Sentinel’s top gun heads into wild blue yonder
Yesterday, I put my lips around the fire hose of awesome and opened the valve all the way.
I flew in a U.S. Navy Blue Angels F/A 18 Hornet.
Lt. Mark Tedrow taxied this airplane — really just a pair of small wings atop two jet engines producing 17,000 pounds of force each — to the end of the runway.
“Okay, Jay. Are you ready? I’m going to light the afterburner and we’ll be on our way.”
The jet started forward like any other commercial jet I had been on. Then, a power I had never experienced kicked in. And more so. And more. The power poured on. It felt like I had stepped into an empty elevator shaft.
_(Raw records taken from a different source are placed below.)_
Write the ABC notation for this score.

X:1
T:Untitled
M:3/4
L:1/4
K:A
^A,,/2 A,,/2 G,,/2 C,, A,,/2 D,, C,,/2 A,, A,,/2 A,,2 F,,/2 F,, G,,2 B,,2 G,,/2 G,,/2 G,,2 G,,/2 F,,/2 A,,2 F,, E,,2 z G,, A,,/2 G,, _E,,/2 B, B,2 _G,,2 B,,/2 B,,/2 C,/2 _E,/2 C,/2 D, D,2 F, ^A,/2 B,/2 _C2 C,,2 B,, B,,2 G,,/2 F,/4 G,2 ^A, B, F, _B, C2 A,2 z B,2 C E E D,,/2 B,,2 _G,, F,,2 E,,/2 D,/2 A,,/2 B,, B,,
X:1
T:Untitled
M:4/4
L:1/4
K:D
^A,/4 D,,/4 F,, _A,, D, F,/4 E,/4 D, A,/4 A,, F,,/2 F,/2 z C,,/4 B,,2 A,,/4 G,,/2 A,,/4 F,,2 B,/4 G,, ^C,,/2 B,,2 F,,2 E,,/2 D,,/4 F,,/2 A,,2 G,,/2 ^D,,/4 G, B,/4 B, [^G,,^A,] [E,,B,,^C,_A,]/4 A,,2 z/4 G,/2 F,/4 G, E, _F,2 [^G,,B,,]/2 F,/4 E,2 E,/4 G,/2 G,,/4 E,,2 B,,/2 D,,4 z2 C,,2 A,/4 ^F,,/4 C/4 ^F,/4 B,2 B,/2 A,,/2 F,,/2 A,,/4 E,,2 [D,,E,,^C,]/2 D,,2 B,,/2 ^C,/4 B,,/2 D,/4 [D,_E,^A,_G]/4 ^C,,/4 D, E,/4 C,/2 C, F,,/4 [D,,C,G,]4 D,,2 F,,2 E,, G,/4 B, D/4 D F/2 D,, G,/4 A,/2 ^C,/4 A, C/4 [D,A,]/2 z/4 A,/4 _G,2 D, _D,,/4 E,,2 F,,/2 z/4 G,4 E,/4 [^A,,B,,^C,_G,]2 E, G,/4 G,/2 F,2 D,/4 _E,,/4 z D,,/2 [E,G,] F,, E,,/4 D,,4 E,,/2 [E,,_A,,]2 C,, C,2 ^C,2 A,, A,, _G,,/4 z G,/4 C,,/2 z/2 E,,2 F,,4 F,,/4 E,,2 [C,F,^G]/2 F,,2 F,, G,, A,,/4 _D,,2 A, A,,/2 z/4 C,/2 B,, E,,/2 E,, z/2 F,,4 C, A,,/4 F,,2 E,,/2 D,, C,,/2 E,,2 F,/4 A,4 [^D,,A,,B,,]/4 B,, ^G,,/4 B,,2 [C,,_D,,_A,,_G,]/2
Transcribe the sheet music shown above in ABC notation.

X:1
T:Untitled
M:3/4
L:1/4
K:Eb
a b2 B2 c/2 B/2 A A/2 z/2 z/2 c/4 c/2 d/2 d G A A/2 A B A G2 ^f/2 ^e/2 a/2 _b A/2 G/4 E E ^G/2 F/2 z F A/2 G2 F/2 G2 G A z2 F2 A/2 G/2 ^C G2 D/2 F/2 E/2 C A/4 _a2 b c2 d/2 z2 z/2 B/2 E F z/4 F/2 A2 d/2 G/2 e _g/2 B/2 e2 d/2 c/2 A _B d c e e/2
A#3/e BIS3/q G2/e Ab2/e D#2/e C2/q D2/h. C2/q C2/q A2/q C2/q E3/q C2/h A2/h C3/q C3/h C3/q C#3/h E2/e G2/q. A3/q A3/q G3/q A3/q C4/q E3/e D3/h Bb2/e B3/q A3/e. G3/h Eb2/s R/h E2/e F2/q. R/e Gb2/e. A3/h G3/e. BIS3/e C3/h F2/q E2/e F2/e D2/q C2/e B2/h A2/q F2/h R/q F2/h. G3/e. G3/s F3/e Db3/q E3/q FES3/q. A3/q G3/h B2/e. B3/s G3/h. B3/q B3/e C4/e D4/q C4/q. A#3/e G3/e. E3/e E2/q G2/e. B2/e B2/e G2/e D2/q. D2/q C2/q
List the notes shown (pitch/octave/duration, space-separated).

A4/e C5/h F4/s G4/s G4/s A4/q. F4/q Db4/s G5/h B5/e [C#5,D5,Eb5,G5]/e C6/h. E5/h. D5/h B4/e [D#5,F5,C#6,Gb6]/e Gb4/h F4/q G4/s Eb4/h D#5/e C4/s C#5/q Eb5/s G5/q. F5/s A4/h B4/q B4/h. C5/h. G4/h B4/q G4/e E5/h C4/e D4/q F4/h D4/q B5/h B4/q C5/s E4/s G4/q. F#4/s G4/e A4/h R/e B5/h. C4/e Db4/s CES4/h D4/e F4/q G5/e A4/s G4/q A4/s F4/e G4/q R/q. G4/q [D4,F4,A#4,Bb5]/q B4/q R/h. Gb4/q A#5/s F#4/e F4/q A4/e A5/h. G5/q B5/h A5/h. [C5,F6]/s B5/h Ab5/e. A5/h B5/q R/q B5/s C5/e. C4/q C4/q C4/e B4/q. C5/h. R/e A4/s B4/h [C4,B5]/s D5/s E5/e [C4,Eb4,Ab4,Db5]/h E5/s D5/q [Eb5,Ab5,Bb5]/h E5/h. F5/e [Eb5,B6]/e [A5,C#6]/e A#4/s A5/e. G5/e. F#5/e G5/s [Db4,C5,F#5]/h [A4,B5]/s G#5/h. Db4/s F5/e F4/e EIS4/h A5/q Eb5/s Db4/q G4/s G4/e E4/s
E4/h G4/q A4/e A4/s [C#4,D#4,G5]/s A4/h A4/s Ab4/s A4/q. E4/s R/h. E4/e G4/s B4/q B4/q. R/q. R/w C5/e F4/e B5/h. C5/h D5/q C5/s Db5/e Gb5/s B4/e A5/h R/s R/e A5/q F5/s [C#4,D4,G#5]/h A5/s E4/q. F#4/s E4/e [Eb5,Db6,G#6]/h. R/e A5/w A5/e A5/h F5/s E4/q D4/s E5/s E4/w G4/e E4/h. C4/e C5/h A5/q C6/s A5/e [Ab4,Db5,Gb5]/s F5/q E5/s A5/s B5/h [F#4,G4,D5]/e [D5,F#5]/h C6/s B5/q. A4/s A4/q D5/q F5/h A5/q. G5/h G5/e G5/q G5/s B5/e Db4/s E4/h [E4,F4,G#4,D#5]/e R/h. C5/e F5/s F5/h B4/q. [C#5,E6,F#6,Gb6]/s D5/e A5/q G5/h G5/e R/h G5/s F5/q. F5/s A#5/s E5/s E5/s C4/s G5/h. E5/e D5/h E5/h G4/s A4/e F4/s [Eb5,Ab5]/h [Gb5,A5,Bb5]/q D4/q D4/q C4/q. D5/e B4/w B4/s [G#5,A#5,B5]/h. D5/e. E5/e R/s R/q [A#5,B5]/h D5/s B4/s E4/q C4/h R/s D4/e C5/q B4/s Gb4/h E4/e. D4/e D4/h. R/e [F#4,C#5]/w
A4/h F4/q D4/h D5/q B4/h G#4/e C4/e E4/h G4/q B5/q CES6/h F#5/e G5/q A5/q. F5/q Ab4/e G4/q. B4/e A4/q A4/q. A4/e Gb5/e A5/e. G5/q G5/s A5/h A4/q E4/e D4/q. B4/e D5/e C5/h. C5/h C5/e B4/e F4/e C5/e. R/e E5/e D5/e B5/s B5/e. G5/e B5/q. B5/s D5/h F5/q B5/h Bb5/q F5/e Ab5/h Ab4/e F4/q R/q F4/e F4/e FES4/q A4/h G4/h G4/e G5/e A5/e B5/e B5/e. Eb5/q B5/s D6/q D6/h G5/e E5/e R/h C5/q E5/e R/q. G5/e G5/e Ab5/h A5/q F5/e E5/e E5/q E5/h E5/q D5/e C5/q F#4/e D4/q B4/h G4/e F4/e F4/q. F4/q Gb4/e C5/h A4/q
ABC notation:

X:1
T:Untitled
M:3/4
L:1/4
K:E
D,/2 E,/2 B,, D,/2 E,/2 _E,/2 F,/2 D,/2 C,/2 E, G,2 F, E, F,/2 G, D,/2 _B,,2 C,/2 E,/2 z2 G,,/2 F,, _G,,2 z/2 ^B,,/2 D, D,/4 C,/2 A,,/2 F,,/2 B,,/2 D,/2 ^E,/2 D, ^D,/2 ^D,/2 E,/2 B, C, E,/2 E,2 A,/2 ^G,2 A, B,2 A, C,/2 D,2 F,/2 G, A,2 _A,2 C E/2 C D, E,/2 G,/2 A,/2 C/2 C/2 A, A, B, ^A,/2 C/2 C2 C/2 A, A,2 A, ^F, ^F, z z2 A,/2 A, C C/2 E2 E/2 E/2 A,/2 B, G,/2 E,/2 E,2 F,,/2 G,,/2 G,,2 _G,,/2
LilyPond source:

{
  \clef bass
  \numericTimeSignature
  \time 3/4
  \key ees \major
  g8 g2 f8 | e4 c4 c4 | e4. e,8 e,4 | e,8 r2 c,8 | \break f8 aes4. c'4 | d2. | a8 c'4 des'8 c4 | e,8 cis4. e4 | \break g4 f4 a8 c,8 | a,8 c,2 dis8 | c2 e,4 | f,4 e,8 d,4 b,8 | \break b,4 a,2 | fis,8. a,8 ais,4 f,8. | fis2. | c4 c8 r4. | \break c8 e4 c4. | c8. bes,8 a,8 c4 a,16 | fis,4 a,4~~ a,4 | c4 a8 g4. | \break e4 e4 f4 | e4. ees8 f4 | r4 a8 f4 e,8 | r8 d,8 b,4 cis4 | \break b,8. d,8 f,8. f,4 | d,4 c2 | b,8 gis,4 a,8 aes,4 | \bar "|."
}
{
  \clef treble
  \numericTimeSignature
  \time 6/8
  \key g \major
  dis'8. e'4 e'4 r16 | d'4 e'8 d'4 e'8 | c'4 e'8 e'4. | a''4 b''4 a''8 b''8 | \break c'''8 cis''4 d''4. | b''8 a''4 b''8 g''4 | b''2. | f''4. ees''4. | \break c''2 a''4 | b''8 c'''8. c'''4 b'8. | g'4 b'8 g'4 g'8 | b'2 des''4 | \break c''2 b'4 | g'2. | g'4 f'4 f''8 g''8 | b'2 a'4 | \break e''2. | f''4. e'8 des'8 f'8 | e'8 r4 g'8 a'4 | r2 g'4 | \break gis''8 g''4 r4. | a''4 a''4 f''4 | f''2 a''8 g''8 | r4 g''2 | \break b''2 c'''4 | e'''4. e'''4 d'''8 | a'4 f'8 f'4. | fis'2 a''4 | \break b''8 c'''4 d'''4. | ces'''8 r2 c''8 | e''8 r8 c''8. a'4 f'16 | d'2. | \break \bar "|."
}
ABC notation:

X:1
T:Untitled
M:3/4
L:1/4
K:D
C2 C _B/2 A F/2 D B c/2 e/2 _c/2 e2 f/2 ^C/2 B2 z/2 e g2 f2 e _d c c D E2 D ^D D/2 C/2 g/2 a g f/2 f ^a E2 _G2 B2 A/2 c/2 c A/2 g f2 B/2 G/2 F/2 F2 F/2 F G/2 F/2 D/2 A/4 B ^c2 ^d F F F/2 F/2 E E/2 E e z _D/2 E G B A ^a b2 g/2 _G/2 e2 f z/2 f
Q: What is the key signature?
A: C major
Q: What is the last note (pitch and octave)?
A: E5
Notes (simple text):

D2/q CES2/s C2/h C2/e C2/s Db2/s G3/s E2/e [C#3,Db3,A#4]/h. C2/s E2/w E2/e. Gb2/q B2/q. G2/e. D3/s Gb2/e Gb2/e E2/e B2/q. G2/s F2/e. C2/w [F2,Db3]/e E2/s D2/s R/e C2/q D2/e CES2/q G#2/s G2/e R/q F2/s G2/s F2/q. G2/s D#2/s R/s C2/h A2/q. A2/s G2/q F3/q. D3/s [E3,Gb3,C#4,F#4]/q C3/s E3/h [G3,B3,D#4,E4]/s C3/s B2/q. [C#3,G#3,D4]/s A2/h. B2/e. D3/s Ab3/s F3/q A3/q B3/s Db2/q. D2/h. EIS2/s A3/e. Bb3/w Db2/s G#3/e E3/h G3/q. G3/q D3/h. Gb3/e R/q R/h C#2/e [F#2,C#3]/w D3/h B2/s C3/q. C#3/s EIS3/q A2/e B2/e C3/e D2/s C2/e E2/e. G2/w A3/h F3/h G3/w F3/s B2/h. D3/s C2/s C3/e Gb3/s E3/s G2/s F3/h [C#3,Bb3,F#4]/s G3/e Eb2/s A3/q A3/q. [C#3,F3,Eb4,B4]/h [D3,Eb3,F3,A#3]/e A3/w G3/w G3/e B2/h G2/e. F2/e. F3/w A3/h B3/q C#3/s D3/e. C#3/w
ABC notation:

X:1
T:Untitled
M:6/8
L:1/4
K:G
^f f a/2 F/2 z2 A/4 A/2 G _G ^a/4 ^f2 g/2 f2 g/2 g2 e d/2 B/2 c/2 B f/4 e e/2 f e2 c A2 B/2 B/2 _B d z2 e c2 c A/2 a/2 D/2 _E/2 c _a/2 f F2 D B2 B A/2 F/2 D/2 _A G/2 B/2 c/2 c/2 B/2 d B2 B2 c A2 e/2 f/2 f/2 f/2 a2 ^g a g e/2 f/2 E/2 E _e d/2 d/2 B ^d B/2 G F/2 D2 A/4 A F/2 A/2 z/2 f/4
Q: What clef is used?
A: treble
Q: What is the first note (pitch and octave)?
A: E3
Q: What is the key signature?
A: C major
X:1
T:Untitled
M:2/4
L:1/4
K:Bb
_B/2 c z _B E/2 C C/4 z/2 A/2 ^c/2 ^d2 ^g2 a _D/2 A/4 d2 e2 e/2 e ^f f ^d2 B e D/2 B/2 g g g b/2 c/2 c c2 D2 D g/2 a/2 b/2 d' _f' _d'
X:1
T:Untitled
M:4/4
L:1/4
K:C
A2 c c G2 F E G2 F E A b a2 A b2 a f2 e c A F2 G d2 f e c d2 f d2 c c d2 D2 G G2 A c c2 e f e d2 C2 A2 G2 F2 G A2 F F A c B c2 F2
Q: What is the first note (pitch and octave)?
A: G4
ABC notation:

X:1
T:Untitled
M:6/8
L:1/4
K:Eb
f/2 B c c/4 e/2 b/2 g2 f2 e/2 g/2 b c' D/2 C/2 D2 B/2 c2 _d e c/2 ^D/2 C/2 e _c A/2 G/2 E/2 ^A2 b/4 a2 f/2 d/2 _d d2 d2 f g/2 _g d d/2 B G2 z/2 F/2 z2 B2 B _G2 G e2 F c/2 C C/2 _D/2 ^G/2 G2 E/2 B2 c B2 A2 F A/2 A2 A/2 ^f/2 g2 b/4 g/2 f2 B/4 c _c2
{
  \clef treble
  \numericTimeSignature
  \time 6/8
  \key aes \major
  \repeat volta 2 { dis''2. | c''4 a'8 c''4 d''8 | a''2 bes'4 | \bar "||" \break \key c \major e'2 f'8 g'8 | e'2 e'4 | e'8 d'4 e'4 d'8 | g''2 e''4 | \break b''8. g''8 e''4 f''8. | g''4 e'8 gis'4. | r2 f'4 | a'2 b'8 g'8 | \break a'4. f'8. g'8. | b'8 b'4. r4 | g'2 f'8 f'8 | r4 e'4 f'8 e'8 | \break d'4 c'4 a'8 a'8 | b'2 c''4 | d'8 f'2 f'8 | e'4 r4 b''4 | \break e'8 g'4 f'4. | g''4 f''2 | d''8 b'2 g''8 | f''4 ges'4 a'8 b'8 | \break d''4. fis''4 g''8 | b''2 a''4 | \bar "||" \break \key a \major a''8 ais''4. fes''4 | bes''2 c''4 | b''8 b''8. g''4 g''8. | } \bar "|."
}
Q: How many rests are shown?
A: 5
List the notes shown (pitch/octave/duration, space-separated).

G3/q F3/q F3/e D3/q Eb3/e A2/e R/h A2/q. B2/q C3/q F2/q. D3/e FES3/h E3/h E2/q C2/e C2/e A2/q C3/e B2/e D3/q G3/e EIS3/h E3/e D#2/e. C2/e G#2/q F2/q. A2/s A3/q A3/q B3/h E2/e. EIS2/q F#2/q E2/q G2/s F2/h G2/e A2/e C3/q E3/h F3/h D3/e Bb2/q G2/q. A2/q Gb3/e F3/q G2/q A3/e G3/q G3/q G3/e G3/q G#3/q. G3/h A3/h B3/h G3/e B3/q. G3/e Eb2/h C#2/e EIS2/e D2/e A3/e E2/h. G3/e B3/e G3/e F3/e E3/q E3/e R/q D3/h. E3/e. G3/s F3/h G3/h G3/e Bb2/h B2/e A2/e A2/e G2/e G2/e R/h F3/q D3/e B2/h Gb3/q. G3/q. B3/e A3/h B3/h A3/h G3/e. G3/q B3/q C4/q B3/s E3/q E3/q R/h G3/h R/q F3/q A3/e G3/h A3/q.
Gear up, we were at 300 knots and barely 50 feet above the ground.
“Are you ready to ‘hick’?” Lt. Tedrow asked. “Hicking” is a way of keeping blood in your head during extreme gravity maneuvers by flexing muscles in your legs, taking a three-quarter breath, and exhaling with a “hick” sound.
“Flex your legs, here we go.” At 300 knots, Lt. Tedrow took the plane vertical. In an instant, we were at 5,400 feet.
That short maneuver took us to six times the force of gravity. My 180 pounds felt like 1,080.
Blood finally out of my socks and back in my brain, we were soon on a smooth westward course. It was smooth until I mentioned that we were flying near my house. Lt. Tedrow turned the aircraft on its side so quickly and yet so gracefully, I instantly had a sense of what kind of performance this fighter/attack jet was made for.
After testing my tolerance for sustained G-forces, Lt. Tedrow took us through the Colorado River basin at 300 knots, banking through the winding turns of the river. This was the fist-pumping thrill of a lifetime.
Terrain on three sides of the plane whizzed by at an unfathomable pace, seemingly a hundred feet or so from our wingtips.
The F/A-18 Hornet, painted Blue Angels blue, looks predatory on the tarmac. The angles of this beautiful machine are supersonic sitting still.
And here we were, cutting though terrain that may as well be Afghanistan at an unbelievable pace. I realized at that moment that we were flying in a weapon — an incredible instrument of war created for and dedicated to protecting the United States.
I was so proud — and strangely relieved — to be an American.
I have little sympathy at this moment for the nitwit class burning American flags and rioting in the Middle East. But I would feel sorry for anyone encountering the business end of a U.S. Navy F/A 18 with Lt. Tedrow behind the controls.
At no time did this flight experience leave the “extreme” category. In addition to what felt like dogfighting through the turns of the Colorado River basin, we experienced barrel rolls, a complete loop, inverted flight, zero gravity, negative gravity, a near-stall-120-knot float, and finally, a “carrier brake.”
In real life, a carrier brake is a maneuver pilots use to slow their aircraft before landing on the small confines of an aircraft carrier. In the context of the Blue Angels flight experience for schmoes like me, the carrier brake is a way of leaving a punctuating mark at the end of the flight experience. We flew by the airport at a significant clip, then Lt. Tedrow put the fighter into a hard bank. I “hicked” my hardest, but the walls started to close in on me at 6.8 G-forces.
Lt. Tedrow took pity on me and brought the jet back to zero Gs. Instantly, my vision returned.
The flight ended with the softest landing I’ve ever had, but the quantum of awesome the U.S. Navy delivered yesterday was more than I ever imagined possible.
Are there toxic adrenaline levels? Oofta.